(DATA EXTRACT)

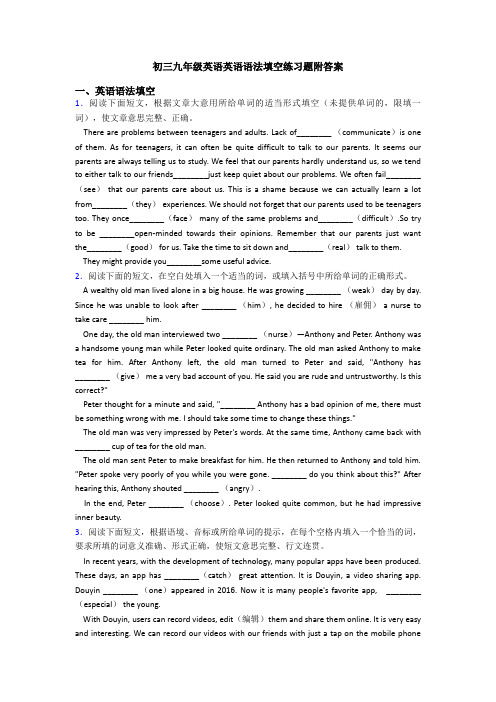 初三九年级英语英语语法填空练习题附答案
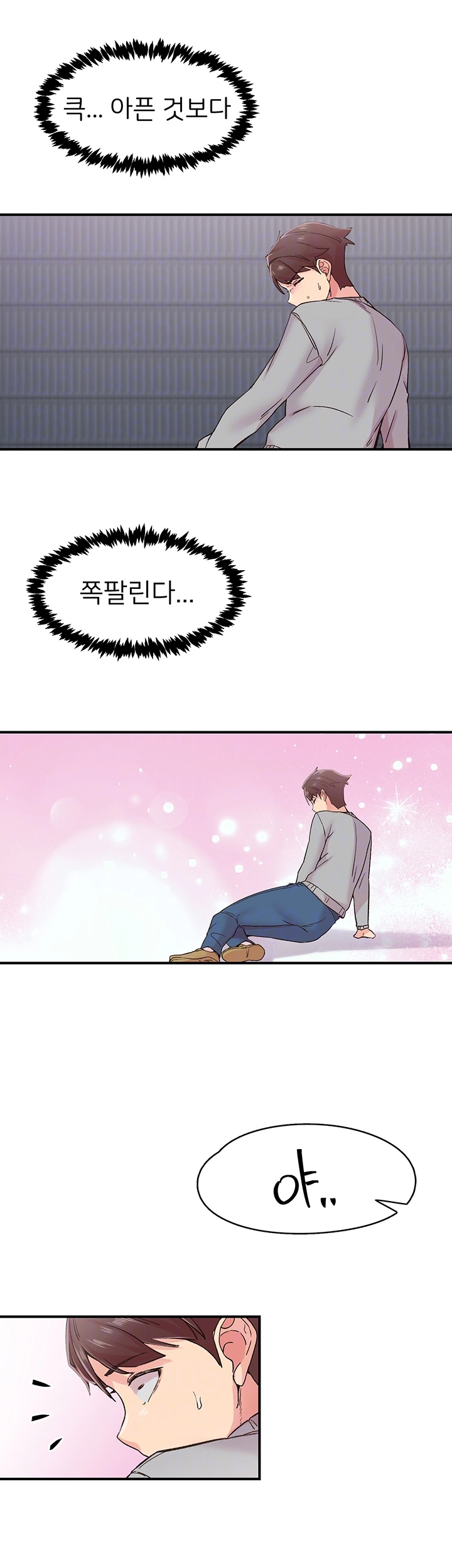 Tremors Raw Chapter 6 image 7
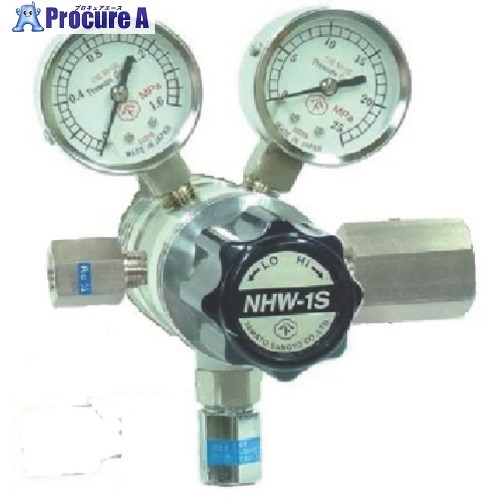 YAMATO 分析機用フィン付二段式圧力調整器  NHW-1B-R-1201-2210-C2H4 NHW1BTRCC2H4 1台 ■▼851-3565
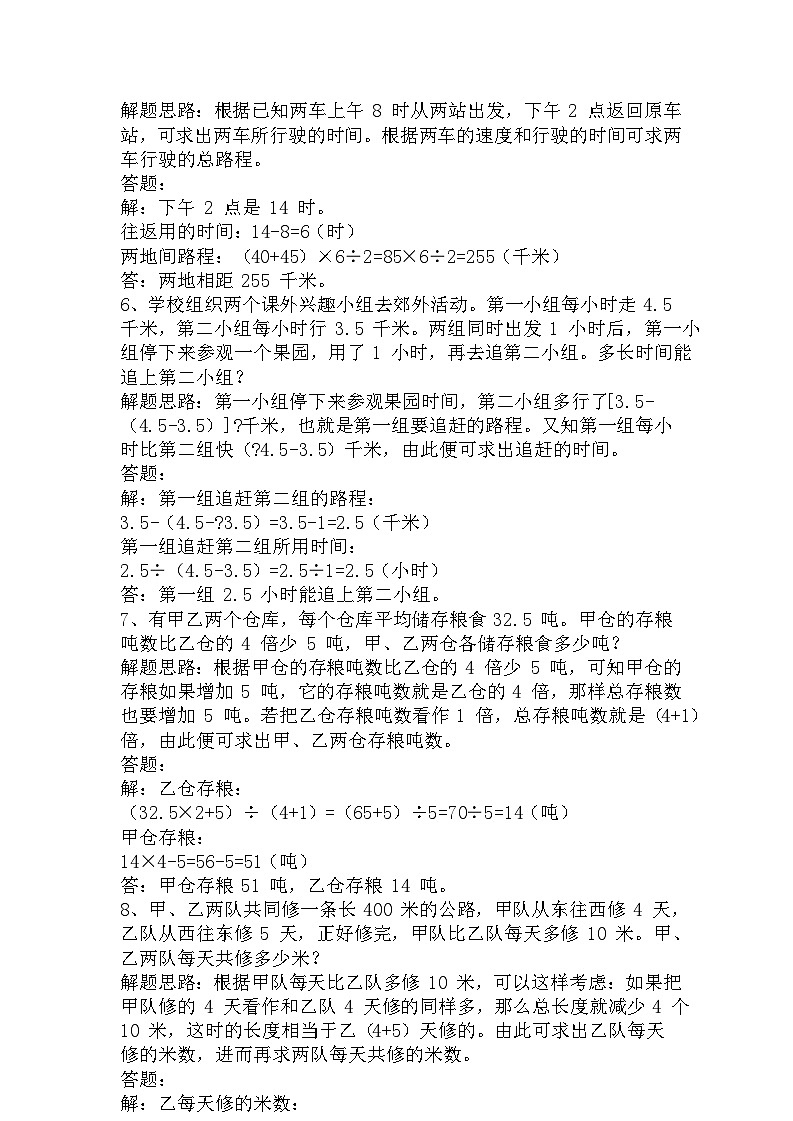 人教版四年级数学上册期末必会应用题50道专项练习第2页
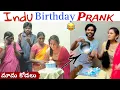 Download Lagu Indu Birthday Prank🤣 || మామ కోడలు || Birthday Prank || Prank on indu || Ravivarma || Santhoshivarma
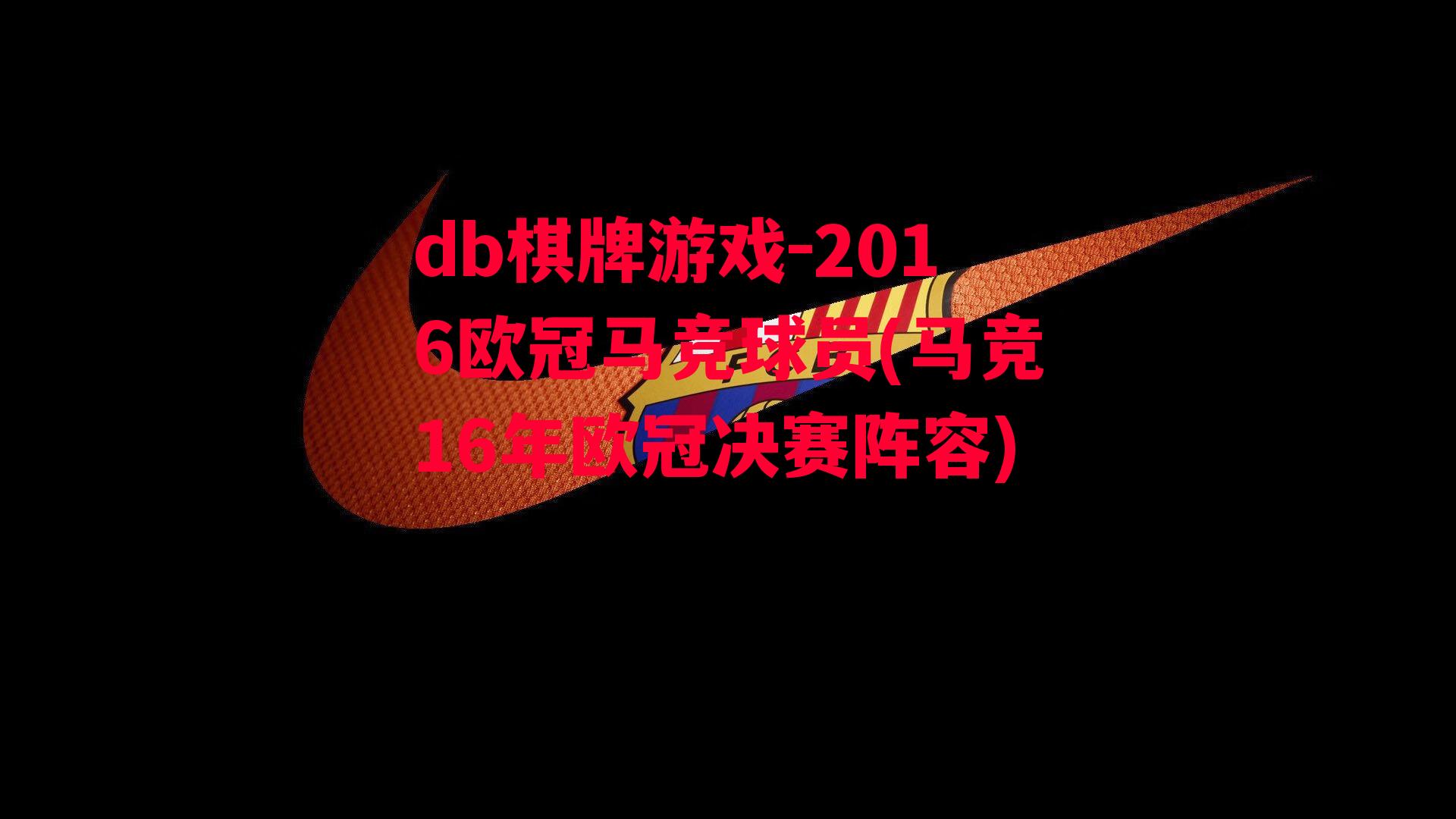 2016欧冠马竞球员(马竞16年欧冠决赛阵容)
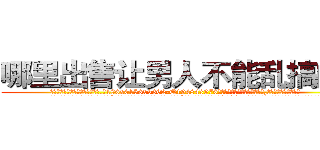 哪里出售让男人不能乱搞的药 (哪里出售让男人不能乱搞的药【电.话186x0156x9662-Q194843976林氏药业】我们做的是长期生意,靠的是老客户长期支持
参考消息网2月20日报道 韩媒称，“剩女多、离婚率高的城市，房价一定会上涨。”这是中国经济学家金岩石2016年12月参加在上海举行的房地产相关论坛时说的话。
)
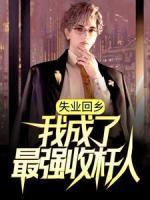 中秋月兔怎么画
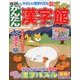 簡単漢字館 2017年 10月号 [雑誌]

(End DATA EXTRACT)

■ REQUIRED ACTION
Restate the records above in full, word for word. Keep pictures out.

■ SOLUTION TO THIS TASK
 初三九年级英语英语语法填空练习题附答案
 Tremors Raw Chapter 6 image 7
 YAMATO 分析機用フィン付二段式圧力調整器  NHW-1B-R-1201-2210-C2H4 NHW1BTRCC2H4 1台 ■▼851-3565
 人教版四年级数学上册期末必会应用题50道专项练习第2页
 Download Lagu Indu Birthday Prank🤣 || మామ కోడలు || Birthday Prank || Prank on indu || Ravivarma || Santhoshivarma
 2016欧冠马竞球员(马竞16年欧冠决赛阵容)
 哪里出售让男人不能乱搞的药 (哪里出售让男人不能乱搞的药【电.话186x0156x9662-Q194843976林氏药业】我们做的是长期生意,靠的是老客户长期支持
参考消息网2月20日报道 韩媒称，“剩女多、离婚率高的城市，房价一定会上涨。”这是中国经济学家金岩石2016年12月参加在上海举行的房地产相关论坛时说的话。
)
 中秋月兔怎么画
 簡単漢字館 2017年 10月号 [雑誌]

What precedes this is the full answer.